‘The 4-Hour Workweek’ by Tim Ferriss has the following for a quote:
Lifestyle design is based on massive action.
Once you find out what this thing is that you want to always be, or always be doing, every day, that thing that brings you joy and excitement and inner peace and gets you feeling comfortable in your own body at all times, once you get to this perfect flow, just sit on your ass.
Just kidding. Go be active in this state. Of course, you won’t have to remind yourself, since you’ll want to be engaging in your new found freedom, you’ll want to be creating and connecting. Until then, until you’ve reached this ideal lifestyle for you, you are… designing your lifestyle. And what better way to get there than to… rehearse? Act it out! ‘The Secret’ by Rhonda Byrne talks about essentially playing ‘Make Believe’, which in this context is a full-contact, no-holds-barred version of visualizing. So, start creating. Keep creating. Don’t stop
believing creating. If you’re an engineer like me, and you enjoy abstract things like system diagrams, then there’s always gotta be an arrow pouring out of the block that is the system of you.

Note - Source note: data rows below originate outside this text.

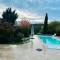 Villa dans son écrin de verdure, piscine privée, totalement privée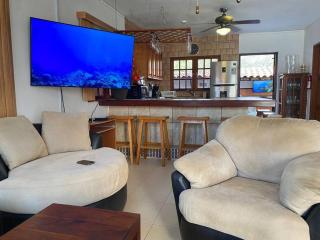 3-bedroom villa with a jacuzzi - Noord - 2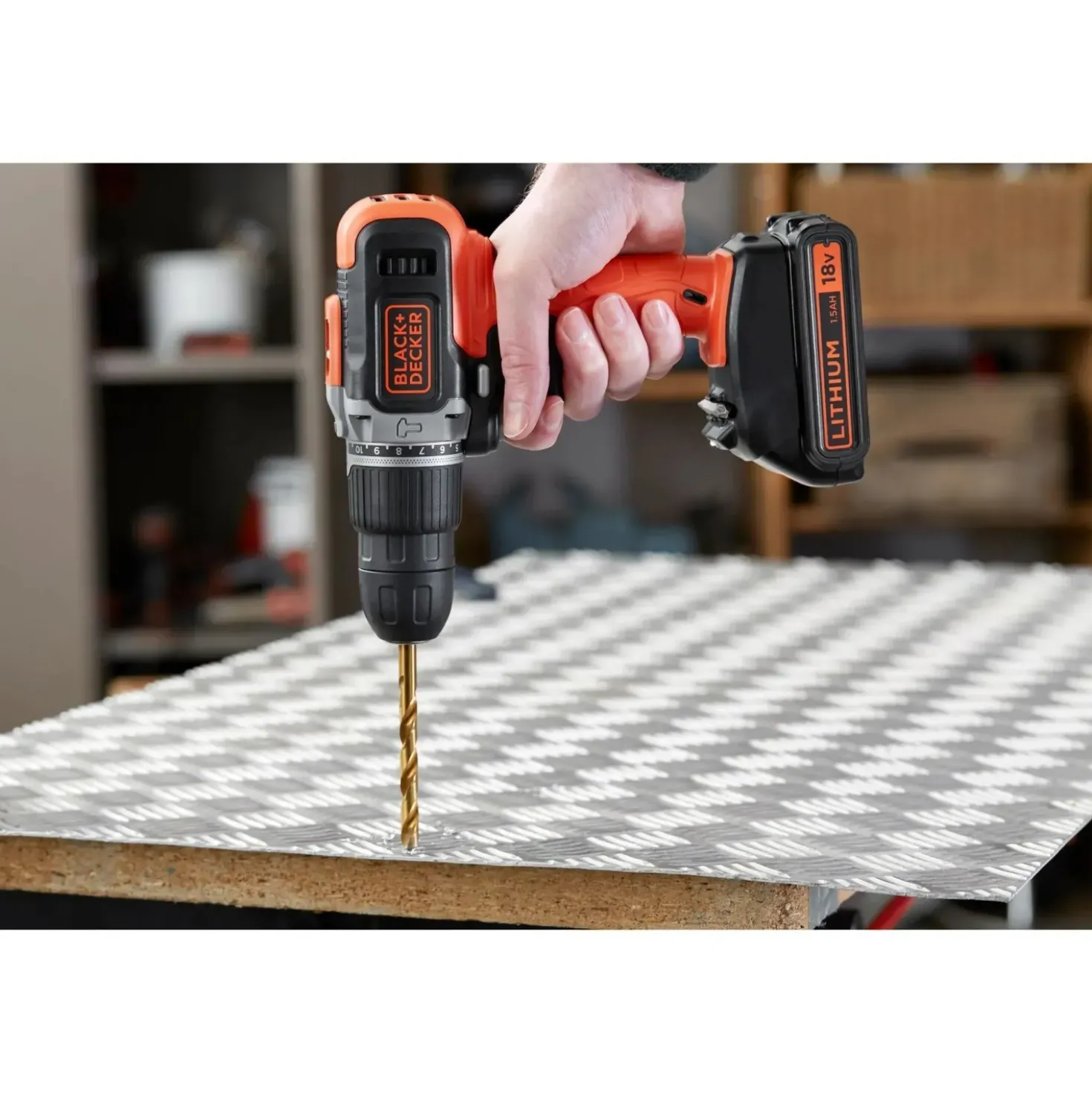 Avvitatore a percussione a batteria Black+Decker BCD003 2 velocità 18 V 1,5Ah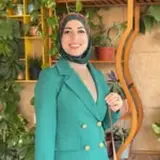 من خنادق التنمّر إلى منصات الإلهام: قصة نجاح ملهمة تقودها الموجهة الأسرية أمل زحالقة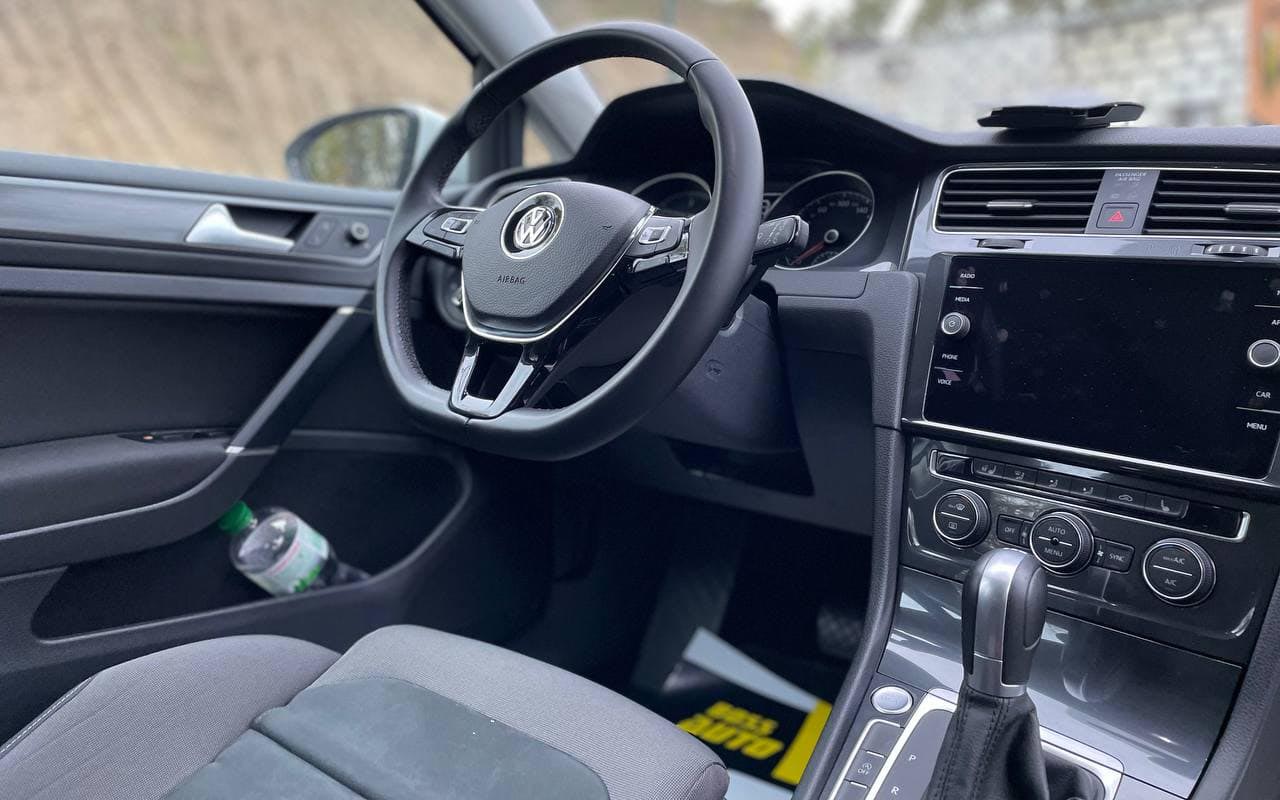 Volkswagen Golf 2019 фото №15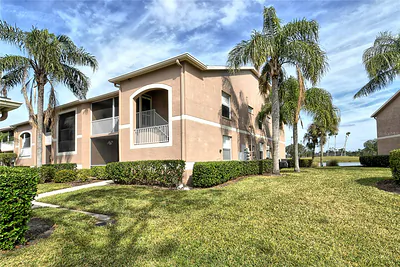 5251 MAHOGANY RUN AVENUE 526 #526 Sarasota FL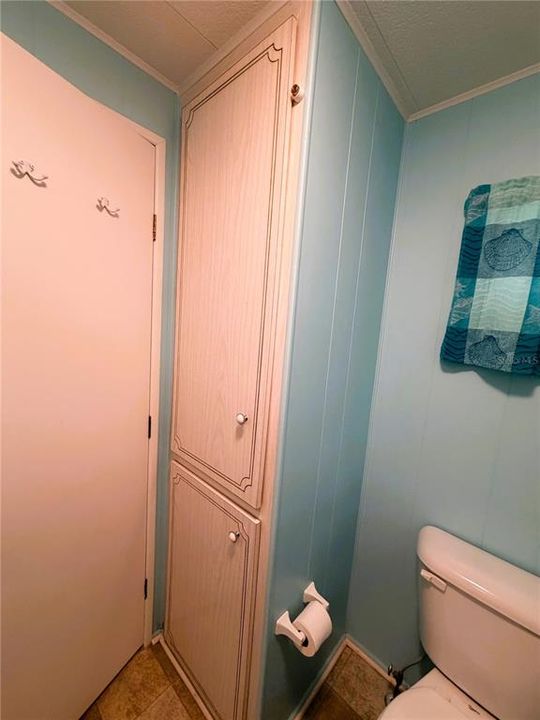 For Sale: $127,900 (2 beds, 2 baths, 1213 Square Feet)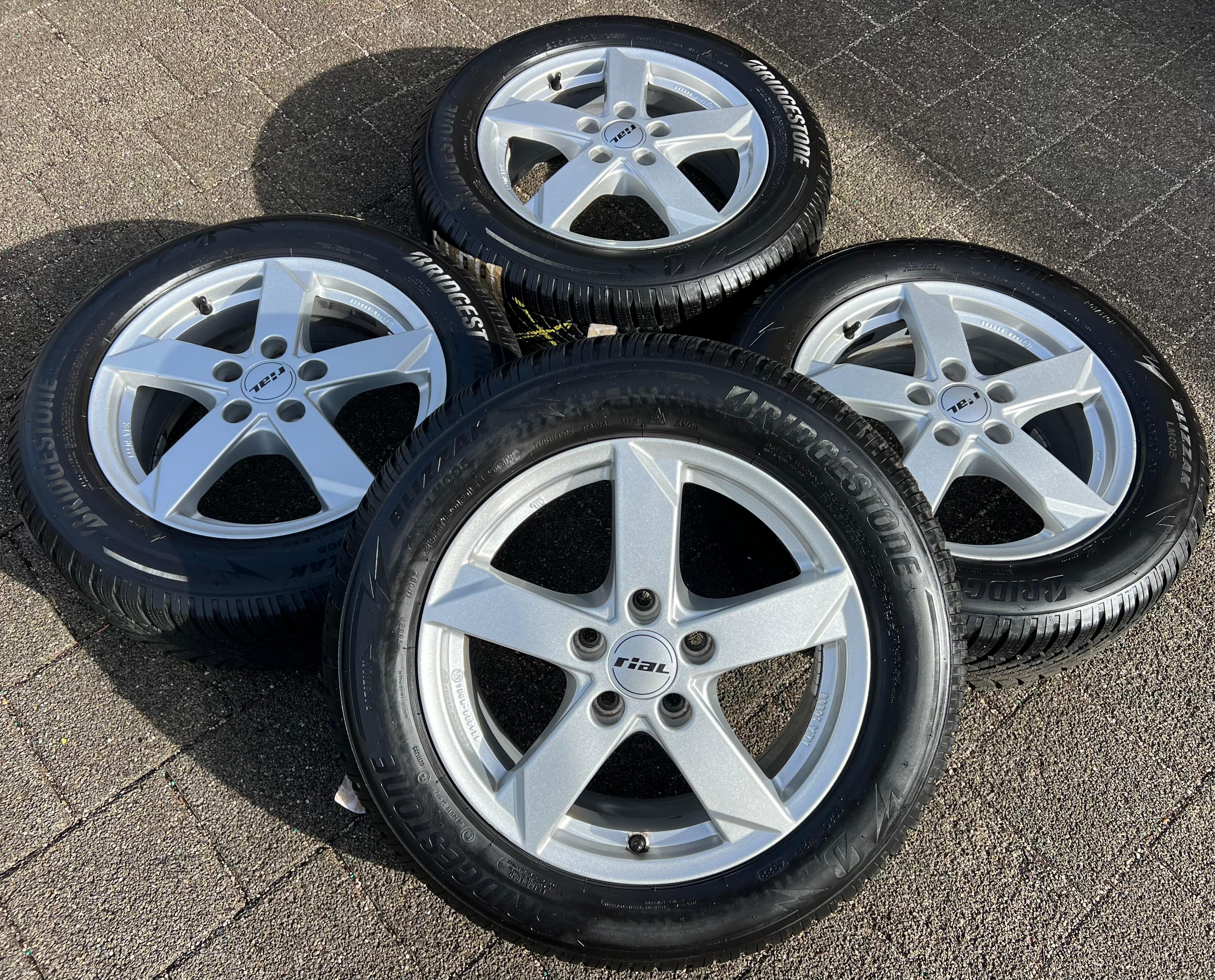 4 ALU WINTERRÄDER SKODA YETI VW CADDY V SK TOURAN II 5T 205/60R16 96H 2024 TOP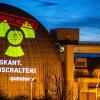 Eine Greenpeace-Aktion am Kernkraftwerk Neckarwestheim. Greenpeace macht mit ihrer Aktion darauf aufmerksam. Die FDP will mit dem Rückbau noch warten.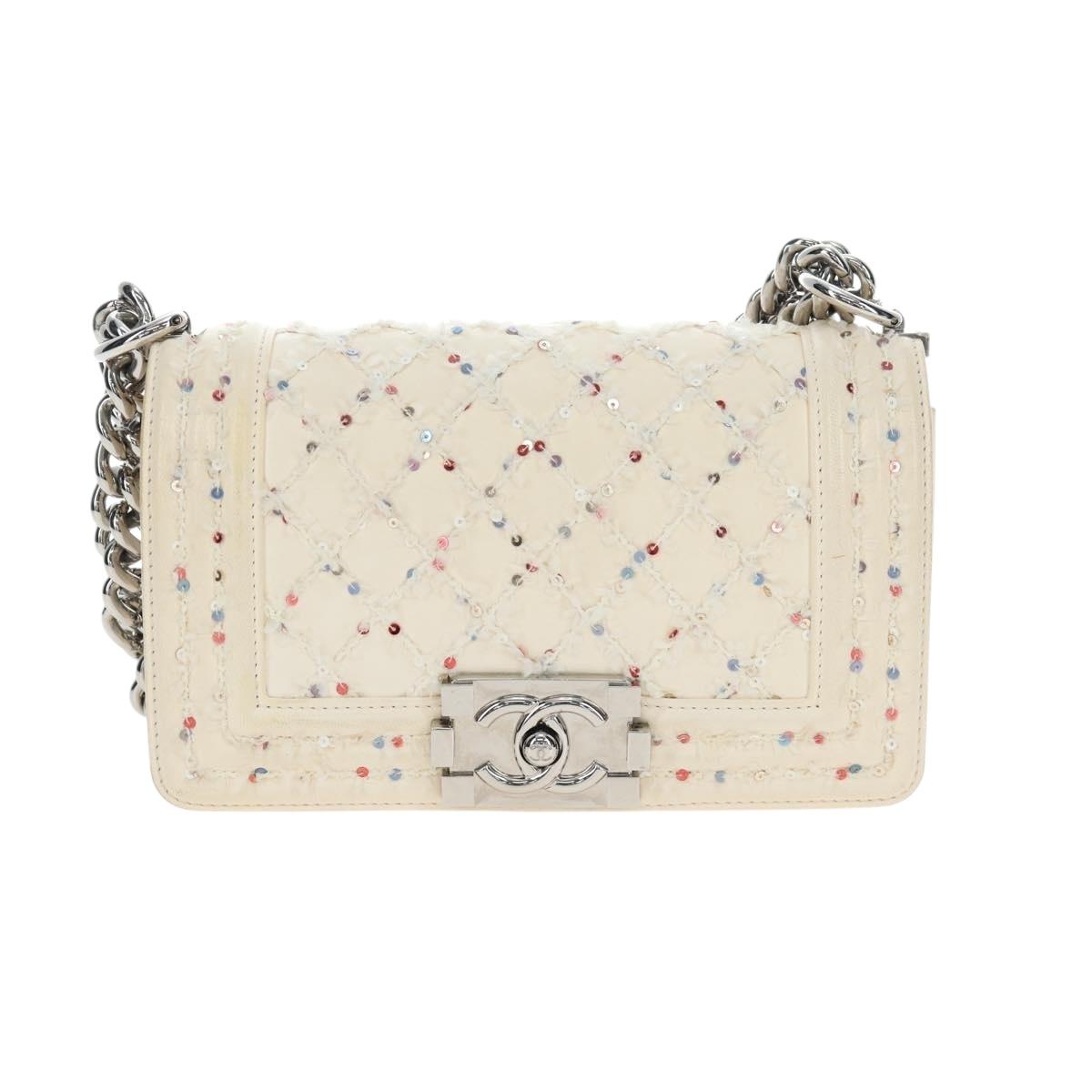 CHANEL Matelasse Boy Chanel Chain Bag Leather White Silver CC Auth 196378M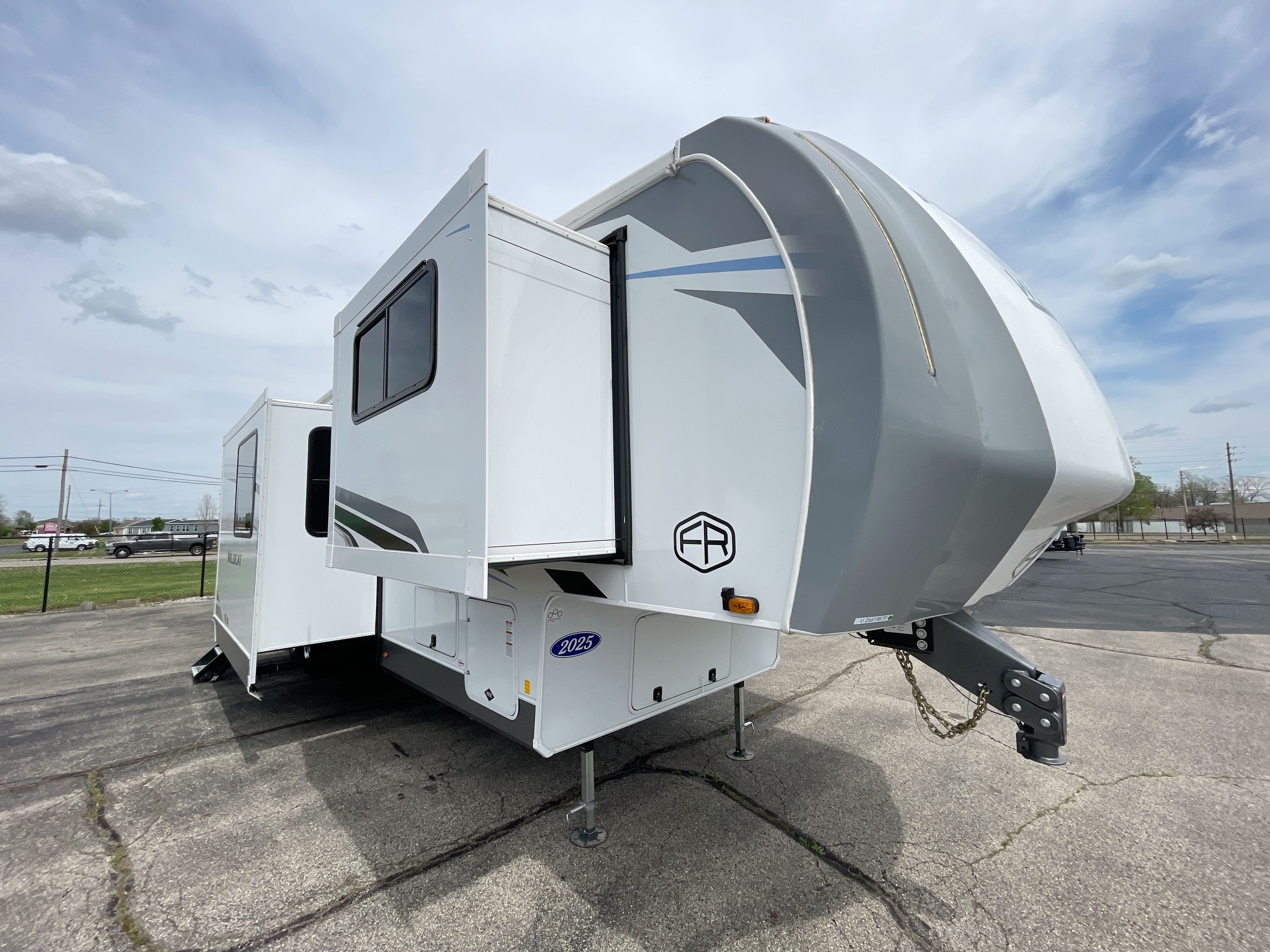 2025 Forest River WILDCAT 35FL RV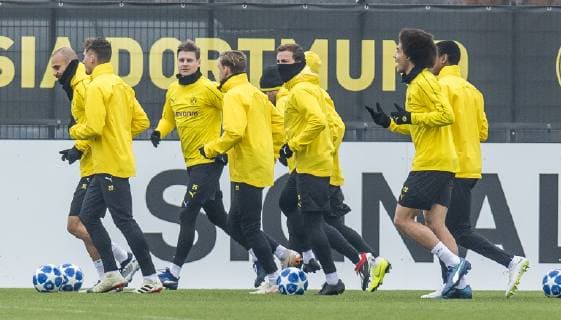 Fußball: 1. Bundesliga, Saison 2018 2019, Abschlusstraining von Borussia Dortmund vor dem Champions-League-Spiel gegen Brügge am 27.11.2018 in Dortmund (Nordrhein-Westfalen). Die Dortmunder Spieler laufen sich warm. Copyright: xKirchner DavidxInderliedx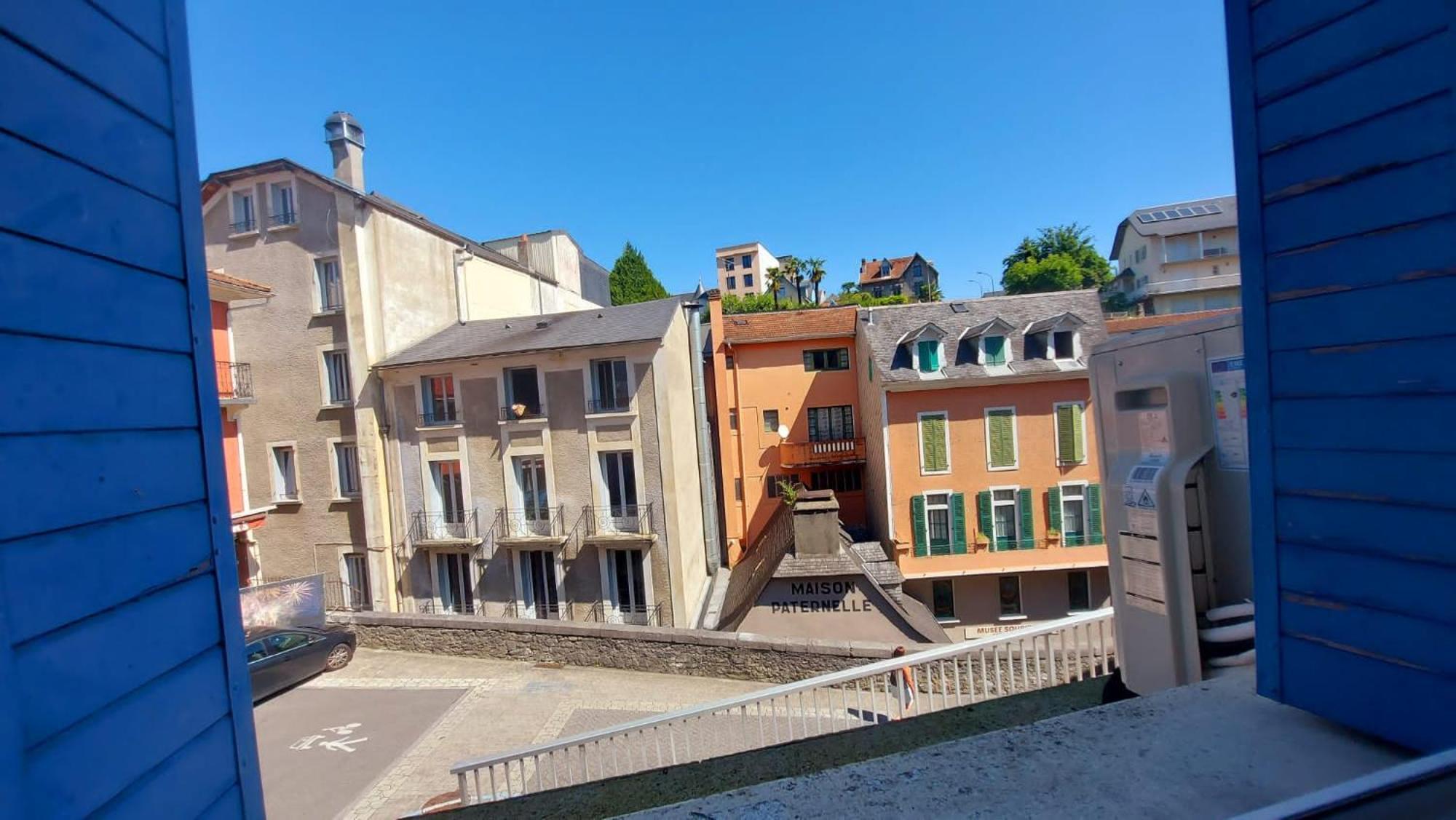 Hebergement Du Bourg Appartement Lourdes Buitenkant foto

Outputting takes time and energy and focus. The opportunity cost is inputting. This is reading stuff, watching stuff, and generally ingesting stuff that is not directly related to outputting. Want more time to create? Spend less time watching ‘How I Met Your Mother’ on Netflix and reading the New York Times. (You come up with your own version, this one is for me.) Thus, I announce a media fast, for myself. No reading fun blogs or news, very little Facebooking, no Netflix. This’ll give me the chi to work on this blog, creating music, and otherwise working on my Sprint Backlog. Reduce input… increase output. Makes sense, right? (Yes, to ‘output’ feels clumsy to reuse as a verb, but I feel it is generic and abstract enough to cover whatever lifestyle we’re ultimately after; plus, it lends itself to an easy opposite to deal with, ‘input’, unlike to ‘create’. “Spend more time creating and less time… destroying.” Nope. Misses the point.)
What I’ve noticed via continued output, specifically sticking to the discipline of cranking out two posts a week for this blog, is that I find this is getting easier. I feel like my blogging skill is becoming refined. I’m finding my voice. When I started this, I worried I’d run out of things to say; however, through continually outputting, I’ve found I’m evolving this idea of ScrumOfOne. This activity feels better to me, which I take as a good sign.
Always Be Outputting – think of this as your personal version of Always Be Closing.